Sunday 20 April 2008

Shoot Em Up

Precious little worth watching at the cinema, so I thought I'd watch something
I didn't get round to watching last year.

This is an offensively stupid film. By which I mean, it's frickin' awesome. The
plot, such as it is, is that some bad guys want to kill a baby, and a down-on-
his-luck good guy happens to be in the way, and decides he's not going to let
them. But that's by the by. It's an excuse for an extended sequence of
gunfights, each more implausible than the last. And that's ok, because they're
plainly meant to be implausible.

So, this film is aimed at people who find stupid, bloody gunfights funny.
That'd be me then. And they are stupid, they are bloody, and they are very
funny.

Interspersed between the gunfights, the good guy and the bad guy crack bad
jokes at each other, and there's a romantic plot involving Monica Belluci.
That's mostly an excuse to have a gunfight that's also a sex scene, though,
which is funny.

I don't know who this Michael Davis guy is who wrote and directed it is, but
he's obviously a huge fan of Robert Rodriguez, and a lot of it owes obvious
debts to both Sin City and Desperado. He obviously had a real fun time making
it, and good luck to him on that.

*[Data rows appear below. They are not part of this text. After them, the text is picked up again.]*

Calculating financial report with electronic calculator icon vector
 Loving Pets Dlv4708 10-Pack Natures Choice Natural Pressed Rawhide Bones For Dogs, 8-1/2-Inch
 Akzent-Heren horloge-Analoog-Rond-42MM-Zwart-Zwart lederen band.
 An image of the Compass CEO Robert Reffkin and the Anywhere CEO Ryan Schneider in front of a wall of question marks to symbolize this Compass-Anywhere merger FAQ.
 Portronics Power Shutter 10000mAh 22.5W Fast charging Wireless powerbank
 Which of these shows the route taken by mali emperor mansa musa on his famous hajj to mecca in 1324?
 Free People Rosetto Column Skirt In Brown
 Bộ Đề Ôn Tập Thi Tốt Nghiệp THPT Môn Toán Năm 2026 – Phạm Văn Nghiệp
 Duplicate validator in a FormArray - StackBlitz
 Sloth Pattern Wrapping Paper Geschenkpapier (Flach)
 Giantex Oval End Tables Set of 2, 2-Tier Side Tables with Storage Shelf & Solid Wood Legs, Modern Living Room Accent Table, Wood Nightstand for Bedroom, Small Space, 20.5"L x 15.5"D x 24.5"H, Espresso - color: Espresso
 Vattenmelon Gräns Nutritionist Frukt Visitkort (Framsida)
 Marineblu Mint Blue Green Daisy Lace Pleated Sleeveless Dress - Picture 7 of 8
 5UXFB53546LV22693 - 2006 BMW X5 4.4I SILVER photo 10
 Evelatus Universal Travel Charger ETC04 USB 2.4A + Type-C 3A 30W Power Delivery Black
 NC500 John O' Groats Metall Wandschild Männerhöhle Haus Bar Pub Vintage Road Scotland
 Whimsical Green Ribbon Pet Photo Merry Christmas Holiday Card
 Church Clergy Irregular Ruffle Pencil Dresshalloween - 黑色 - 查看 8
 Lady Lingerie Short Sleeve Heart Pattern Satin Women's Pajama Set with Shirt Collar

I had a lot of fun watching it too.

Friday 11 April 2008

Son Of Rambow

So, you wait years for a slightly surreal film about amateur film-making then
a bunch come along at once. And it its way, this is sort of a British Be Kind
Rewind.

It's the eighties, rural Hertfordshire. There's a kid, who's a bit of a
tearaway, who's got his hands on his brother's video camera, and has decided
he's going to make a film and submit it to Screen Test's Young Filmmaker of the
Year award. He also uses it to sneak into cinemas and pirate films. He ropes
this other unworldly kid whose family are Plymouth Bretheren, into being his
stuntman. Over time, after the pair of them watch First Blood, the project
evolves into a sort of sequel, which is surprising similar in plot to Rambo,
given that neither kid has seen the film, and it hasn't even been made yet. But
hey.

Meanwhile, their school is host to a bunch of French exchange students, and
everyone is in awe of this (allegedly) cool French kid. This kid finds out
about the film, decides it's cool, and wants to be in it, and because he thinks
it's cool, the whole rest of the school does too. Power struggles for control
of the creative process ensue.

It's an amusing take on film-making and Hollywood, with the whole struggle
serving as an allegory for creative control and integrity being compromised
when stars and the studio system get involved.

It's not perfect, and some of the children's acting is pretty stagey, in a
"early Harry Potter movie" kind of way. It is highly amusing, if not laugh out
loud funny, and if you grew up in the eighties, and ever watched a dodgy pirate
copy of First Blood, the film will spark off a lot of happy memories.